Authors / Contributors: Luca Rossetto, Ivan Giangreco, Ralph Gasser and Heiko Schuldt; Affiliation: Department of Mathematics and Computer Science, University of Basel; Editors: Mathias Lux and Marco Bertini
vitrivr is an open source retrieval system capable of processing multimedia documents such as images, videos, music, and 3D-models. It supports a wealth of content based features for multiple modalities and comes with a ready-to-use Docker image and user interface. We focus on the vitrivr stack in its second version, comprised of ADAMPro 2.0.0, Cineast 2.0.0, and the user interface Vitrivr NG 1.0.0. All components of vitrivr are available under an MIT license.

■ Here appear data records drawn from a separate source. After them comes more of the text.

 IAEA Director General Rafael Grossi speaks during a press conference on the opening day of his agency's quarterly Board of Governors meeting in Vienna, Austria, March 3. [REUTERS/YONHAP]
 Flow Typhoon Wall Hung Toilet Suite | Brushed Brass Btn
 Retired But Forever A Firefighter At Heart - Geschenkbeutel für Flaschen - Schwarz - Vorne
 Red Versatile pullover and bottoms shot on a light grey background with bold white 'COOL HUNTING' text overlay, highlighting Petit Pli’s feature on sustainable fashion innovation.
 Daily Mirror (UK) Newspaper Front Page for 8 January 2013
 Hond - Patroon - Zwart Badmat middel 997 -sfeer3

The vitrivr stack  consists of three components: the database system ADAMPro , the retrieval engine Cineast , and the Vitrivr NG user interface. The following describes these components in more detail.
ADAMPro is an Apache Spark based data management system for storing and retrieving large multimedia collections. It follows a modular architecture for storing logical (i.e., contextual information) and content (i.e., extracted feature vectors) metadata in a polystore fashion on various storage engines and provides a large set of index structures for a fast retrieval in the context of a similarity search, including Locality-Sensitive Hashing (LSH), Spectral Hashing (SH), Product Quantization (PQ), and the Vector Approximation-File (VA-File). Since similarity queries are often long-running queries, ADAMPro supports progressive queries that provide the user with streaming result lists by returning (possibly imprecise) results as soon as they become available. ADAMPro is accessible via a grpc API.

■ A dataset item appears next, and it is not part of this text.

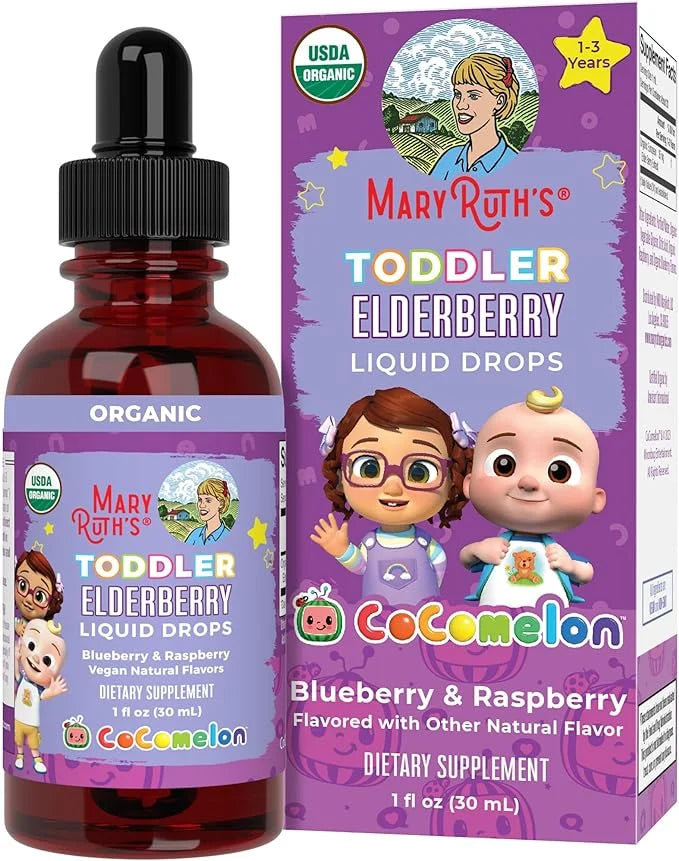 MaryRuth Organics Cocomelon Toddler Elderberry Syrup, 1-3 Years, 1 Fl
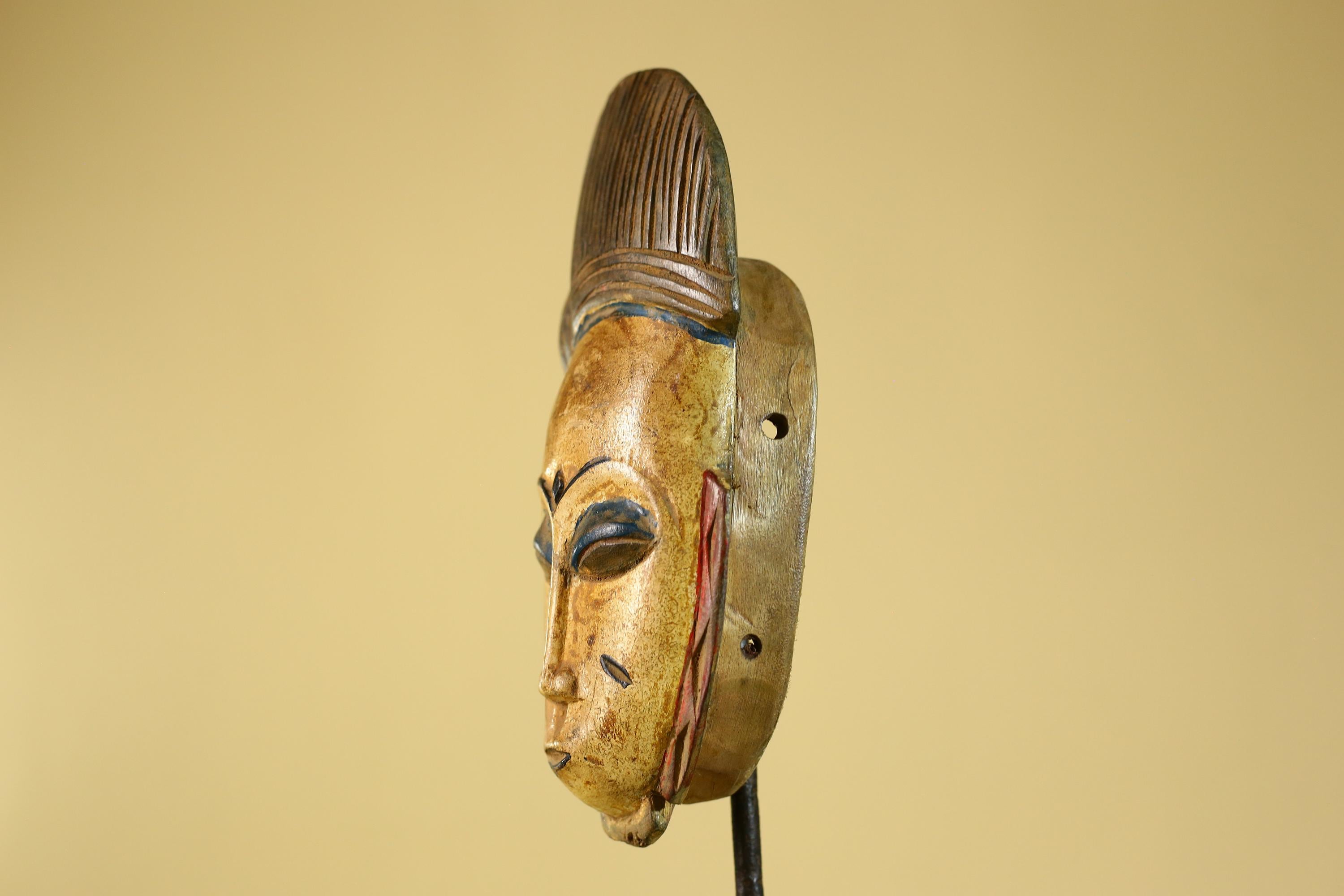 African Tribal Wooden Mask Hand Carved Painted Art wall Decor-G6310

Cineast is a modular content-based retrieval engine. It supports processing and retrieval of multimedia documents from several domains such as images, videos, music, and 3D-models. It accomplishes this through its multitude of feature modules, each of which is responsible for a different aspect of similarity between documents. Cineast is written in Java and supports all major operating systems. It uses ffmpeg for media decoding which enables it to process a wide range of multimedia document formats. Cineast is designed to use ADAMPro as a data store but it can also be used without it, for example on installations where only extraction is performed or on deployments with small collection sizes. It can be accessed via a Restful API or a Websocket API.
Vitrivr NG, the user interface of vitrivr, integrates a large variety of media types and allows to apply different query modes on them. It uses the Angular framework and is written in TypeScript 2.1. Communication with Cineast takes place through the aforementioned Restful and Websocket APIs. The UI is designed to be modular and extensible in order to support all media- and query types that are currently supported by the underlying stack and such that it can be easily adapted to specialized use cases. The primary responsibilities of Vitrivr NG are to enable a user to express a query and to present the retrieved results in a consistent and clearly arranged manner.

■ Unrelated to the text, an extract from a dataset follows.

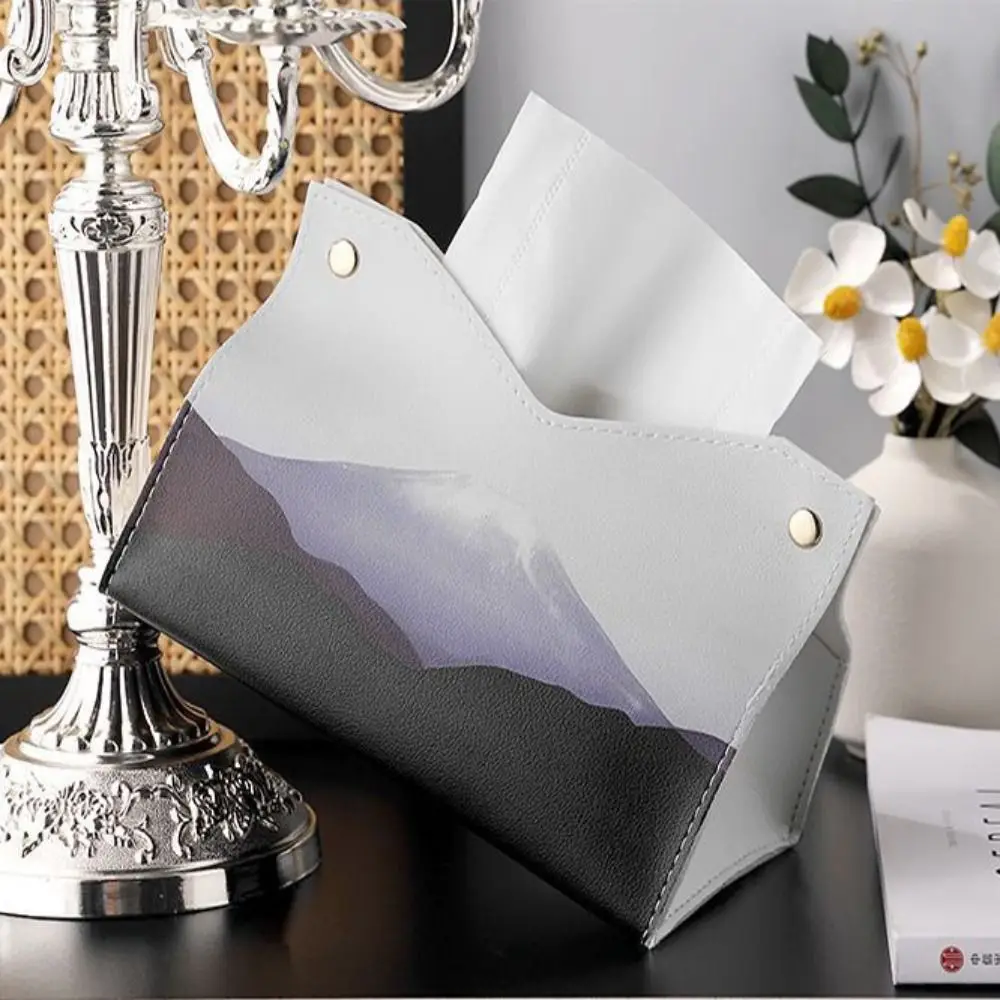 PU Leather Tissue Case High Quality Fuji Mountain Wear-resistant Napkin Holder Waterproof Dirt-proof Paper Towel Box Home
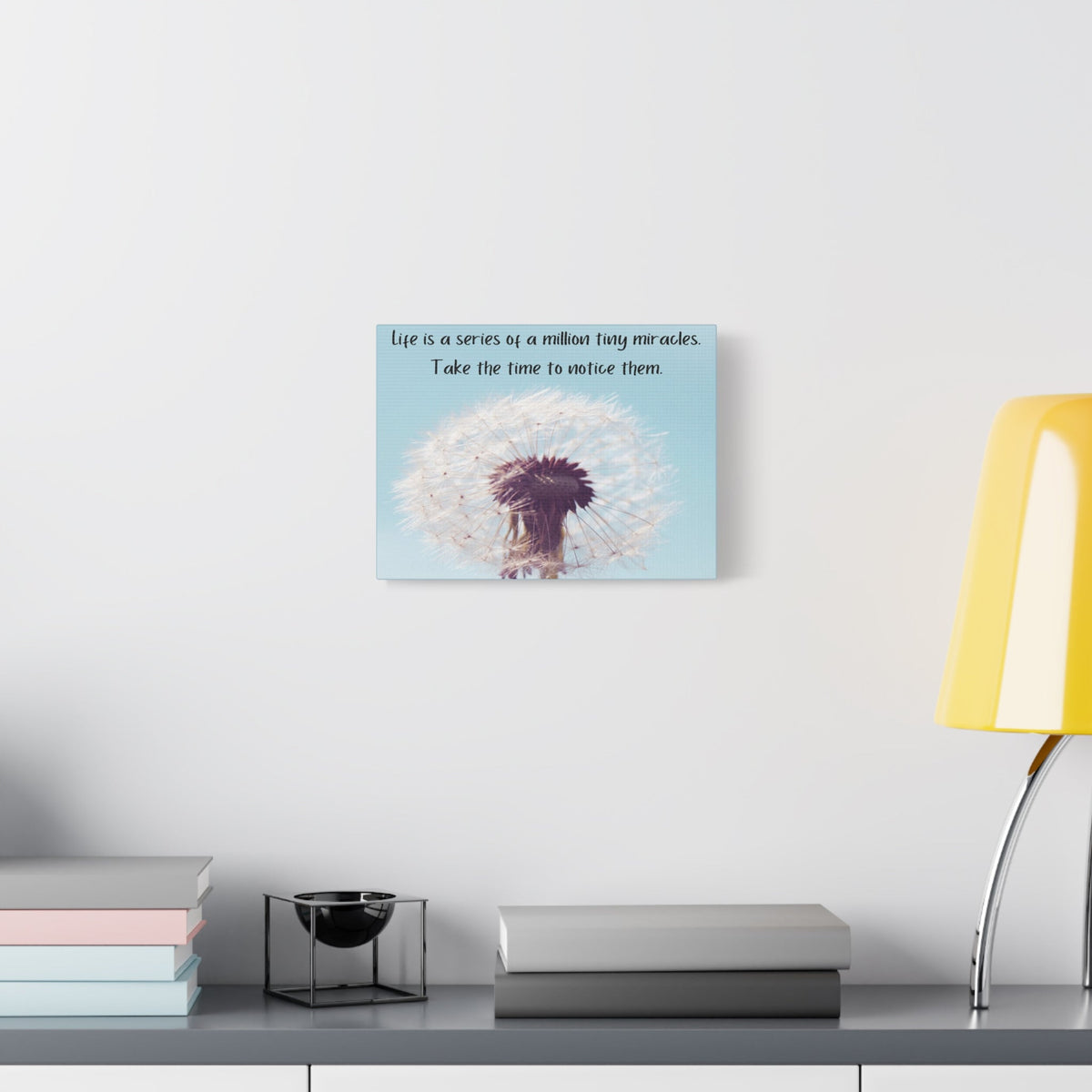 Dandelion Miracle Canvas Print — "Life is a series of a million tiny miracles" Inspirational Wall Art - abrandilion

Getting started with vitrivr
There are several ways to deploy the three components and combine them to the full vitrivr stack. Depending on the requirements at hand, this can be done in either a local or distributed fashion, natively or virtualized. We provide detailed instructions on how the existing deployment modes on vitrivr.org. For simplifying the setup of the full vitrivr stack, we also provide a completely self-contained docker image containing all components of the stack.
After installation, next steps are feature extraction with Cineast, which supports a wealth of features for image, audio, video and 3D content out of the box but can also be extend to support new ones. ADAMPro is then used to create index structures for efficient retrieval and Vitrivr NG, the user interface, supports of queries multiple modalities. A step-by-step guide is available on vitrivr.org.
What can you do with vitrivr?
The vitrivr stack is a powerful and flexible framework for multimedia processing and retrieval across several modalities. It can be used to manage, search and browse large, heterogeneous multimedia collections. Due to its extensibility, it can be easily tailored to particular needs and applications. Its extensibility in terms of features allows software engineers and scientists to use it as a framework and playground to design, implement and test multimedia retrieval and management techniques for different, domain-specific applications. Potential use cases are:
Digital arts and media creation: In the creation of all art, but especially in larger digital art productions, management of assets is an important and non-trivial task. In the production of animated films for example, a vast amount of individual objects are required to make a final scene. These assets encompass all types of media. If not meticulously annotated, dealing with such a large set of media items from different domains becomes an almost insurmountable task. Similar problems occur when interacting with large repositories from external providers such as stock-image vendors which still rely heavily on human annotated keywords. A retrieval system with cross-media retrieval capabilities could simplify the access to specific items of interest from such vast collections.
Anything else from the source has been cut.